Сосед скрылся. Еврухерий позвонил. Затем еще раз и еще. Дверь не открывали. Вскоре верзила вернулся. Увидев ясновидящего, предположил:
– Наверное, за покойником поехали. Слушай, как привезут, ты стукни мне в дверь, а? Я живу в седьмой квартире.
Еврухерий решил подождать на лестничной площадке. Но потом, прихватив венок, спустился и позвонил в дверь с табличкой «7».
– Мне позвонить надо, – объяснил Макрицын.
– Заходи и звони.
Ясновидящий сообщил Вараниеву, что уже поехали за покойником и похороны, видимо, сегодня после обеда будут.
Сидя возле квартиры Ганьского, Еврухерий заметил, что в подъезде началось какое-то движение – до него доносились негромкие голоса, в основном женские и немолодые. Через некоторое время на лестнице показалась маленькая старушка в синей шерстяной кофте. Голова ее была повязана белым платком. Она перекрестилась на дверь Ганьского и спросила:
– Когда же случилось-то, сынок?
Еврухерий ответил, что позавчера вечером ему сообщил друг Аполлона.
Постепенно к квартире ученого подтянулось человек двадцать, преимущественно людей старых.
– Молодой-то какой ушел! – заметил один из них.
– А чего же ты удивляешься? Жизнь-то у них какая – сумасшедшая! Работы меняют, баб меняют, пьют, нервничают.
Еврухерию надоела толпа с ее разговорами, и он спустился вниз на лавку. Через какое-то время подъехали Вараниев со Шнейдерманом. Оба в черных костюмах и с цветами. Просидели до вечера. Толпа разошлась по квартирам. Уехали и первые лица партии «Мак.Лем.иЧ.».
Но ранним утром следующего дня Макрицын вернулся. Из подъезда выходил почтальон, и Еврухерию не составило труда проникнуть внутрь. Поднявшись на нужный этаж, позвонил. Безрезультатно. Он позвонил второй раз, немного подождал, повернулся и сделал шаг к лестнице.
В этот момент раздался характерный звук поворота в замке ключа.
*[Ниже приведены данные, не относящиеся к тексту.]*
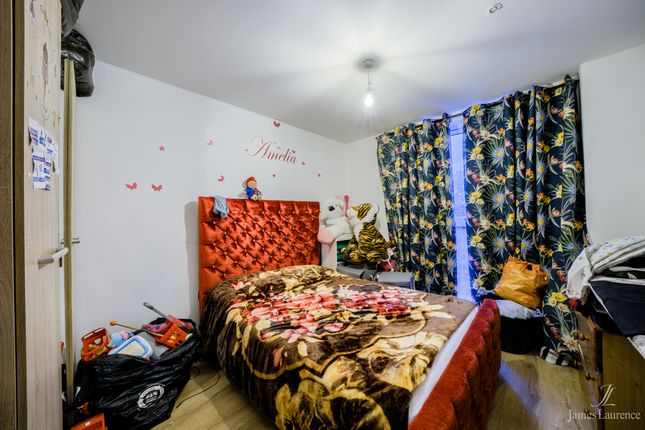 Flat for sale in Helena Street, Jewellery Quarter, Birmingham City Centre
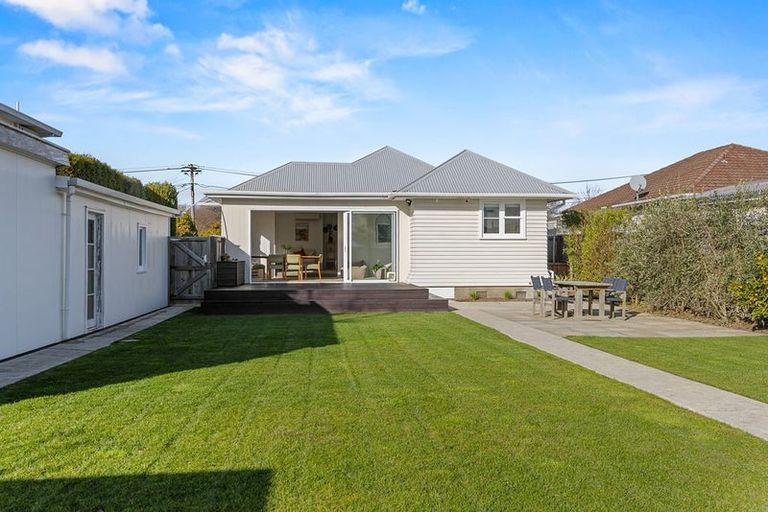 Photo of property in 229 Weston Road, St Albans, Christchurch, 8052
Ясновидящий метнулся к двери: на пороге стоял Ганьский с лицом, полным недоумения. Макрицын остолбенел, его повело в сторону Аполлона. Он медленно наклонился вперед, не владея более головой и равновесием, с широко открытыми глазами и со словами «это тебе от меня» протянул венок Аполлону Юрьевичу. Затем, потеряв сознание, рухнул на пол.
* * *
– Все замечательно! Все просто великолепно! – радовался переполненный эмоциями Вараниев, прохаживаясь по квартире Еврухерия и потирая ладоши. – Как же тебя угораздило так упасть, черт побери? Хорошо еще, что вперед завалился. А если бы назад рухнул, да затылком о ступеньки… Завтра бы тебя вместо Ганьского хоронили. Ядумаю, Еврухерий, ты в рубашке родился!
– Что же тут замечательного? – обиженно спросил Макрицын.
– То, что Ганьский жив. А ты абсолютно точно в рубашке родился, – повторил Вараниев.
– В ночной, хлопчатобумажной, – вставил Шнейдерман.
– На себя посмотри, Шнейдермуд! – отомстил Макрицын.
Вмешался председатель:
– В случившемся ты, Еврухерий, сам во многом виноват: побежал сломя голову венок заказывать, ничего толком не узнавши… время похорон Ганьскому назначил… С чего? Нельзя же быть таким легкомысленным! Ладно, все, забыли. Давай-ка поскорей выздоравливай и вливайся в работу. Людей нам не хватает, поэтому я решил поручить тебе очень важное мероприятие пропагандистского толка. Через пару дней поговорим.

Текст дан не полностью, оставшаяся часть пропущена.